Spanish banker (1936–2024)

Jaime Botín-Sanz de Sautuola y García de los Ríos (10 April 1936 – 15 August 2024) was a Spanish billionaire heir, banker and art collector.

==Early life==
Botín was born in 1936. His father Emilio Botín (1903–1993) and elder brother Emilio Botín have been chairman of the Santander Group, and following his death in 2024, was succeeded by his daughter (Jaime's niece) Ana Patricia Botín.

He received a law degree from the University of Valladolid and an economics degree from the University of Deusto.

==Career==
Botín was vice chairman of Santander Bank in the 1990s. He resigned in 2004.

==Personal life and death==
Botín was married to Belén Naveda Agüero. They had five children and later divorced. He later married Adela Bermúdez. They resided in Madrid, Spain.

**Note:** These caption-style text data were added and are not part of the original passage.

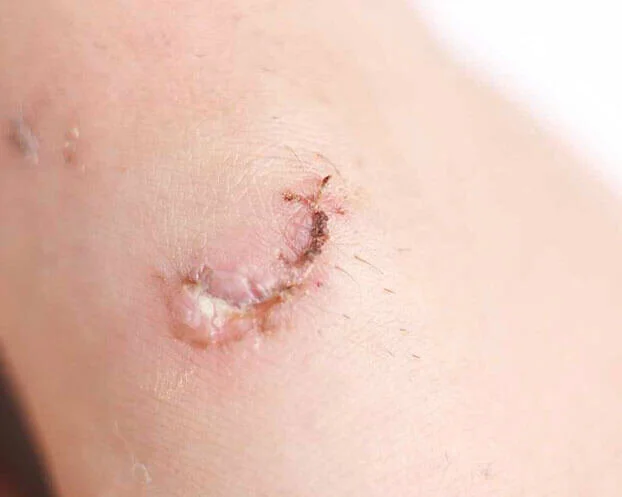 Iatrogene am Finger Iatrogene Wunden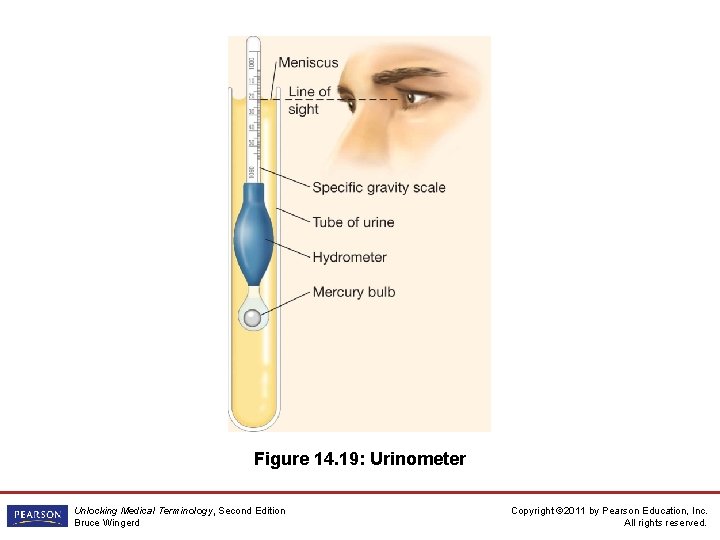 Figure 14. 19: Urinometer Unlocking Medical Terminology, Second Edition Bruce Wingerd Copyright © 2011
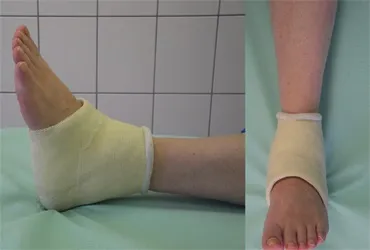 Перелом щиколотки зі зміщенням симптоми і лікування (перелом щиколотки зміщенням) Перелом щиколотки зі зміщенням симптоми і лікування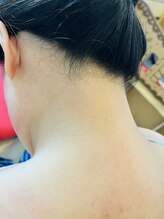 エヌ サロン(enu salon)/うなじwax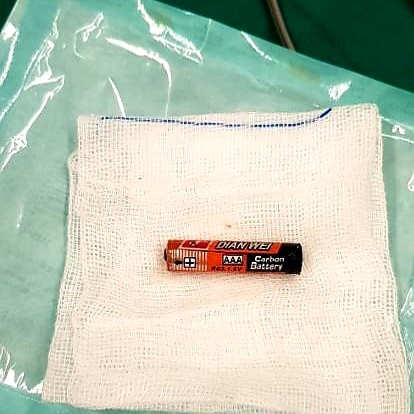 Viên pin con ó được lấy ra khỏi bụng bé gái 4 tuổi. Ảnh: BVCC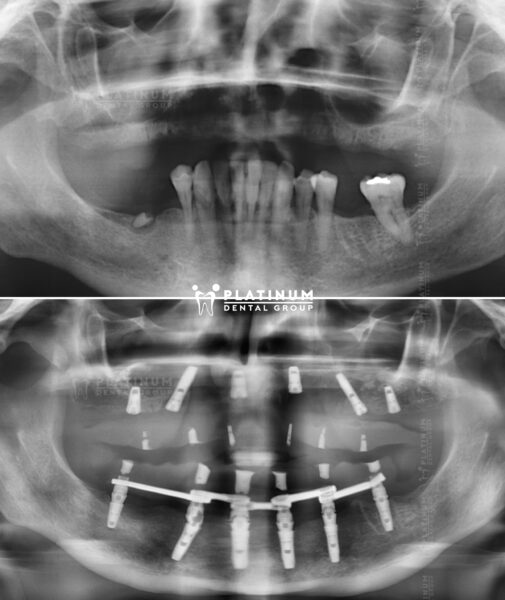 Nụ cười tươi tràn đầy tự tin của cô Annett đến từ Úc 8 X Annett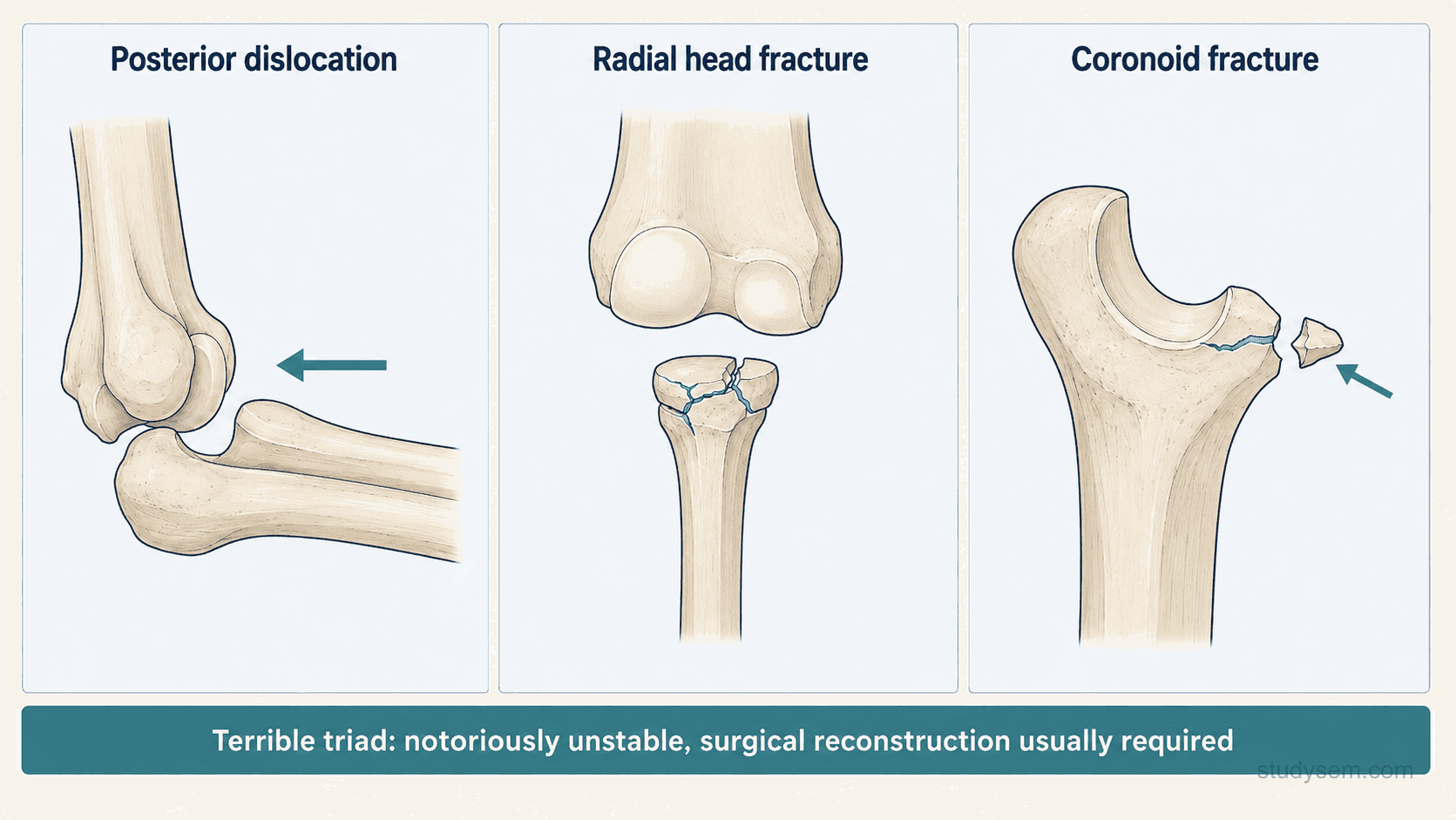 Terrible triad of the elbow showing posterior dislocation with radial head fracture and coronoid fracture.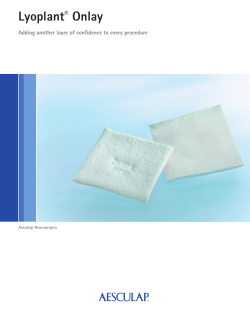 Lyoplant&reg; Onlay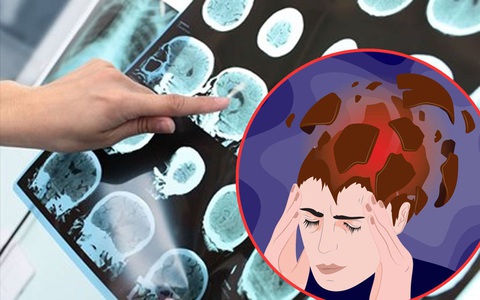 Trong dịp Tết, 2 bệnh "chết người" này gia tăng mạnh: Nghe bác sĩ BV Việt Đức chỉ cách dự phòng và phát hiện sớm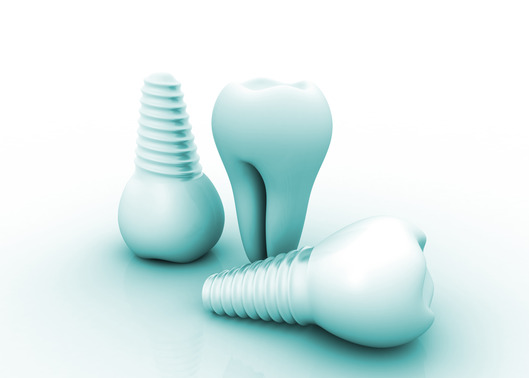 Why Can’t Children Get Dental Implants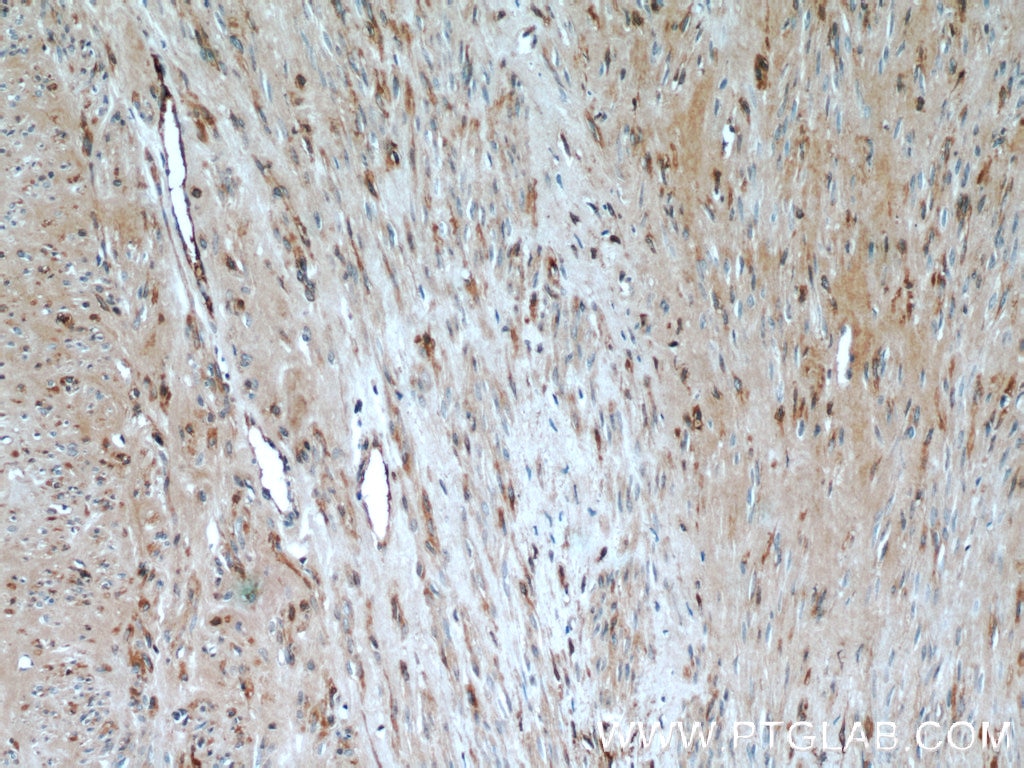 Immunohistochemistry (IHC) staining of human hysteromyoma tissue using OXTR Polyclonal antibody (23045-1-AP)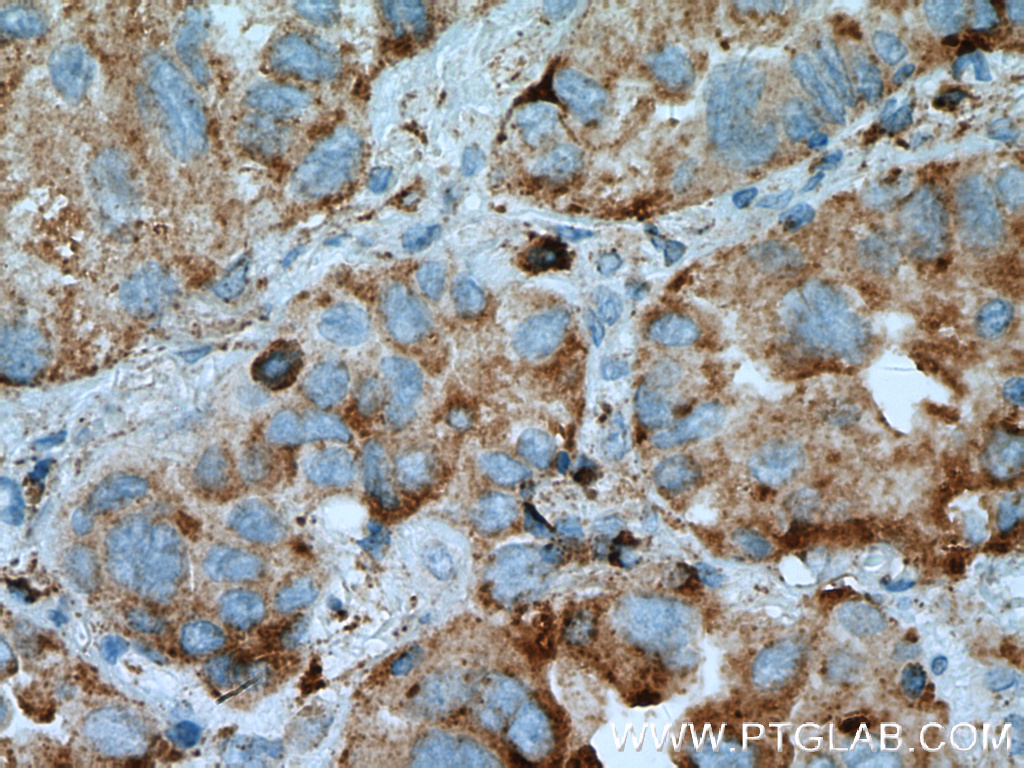 PRCP Polyclonal antibody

He was the owner of Head of a Young Woman, a painting by Pablo Picasso. He acquired the Adix yacht from Alan Bond in 1989. In January 2020 he was convicted of trafficking culturally important goods for attempting to illegally export the Picasso painting aboard the yacht, and was fined €91.7 million and sentenced to three years in prison.

Botín died in Cantabria on 15 August 2024, at the age of 88.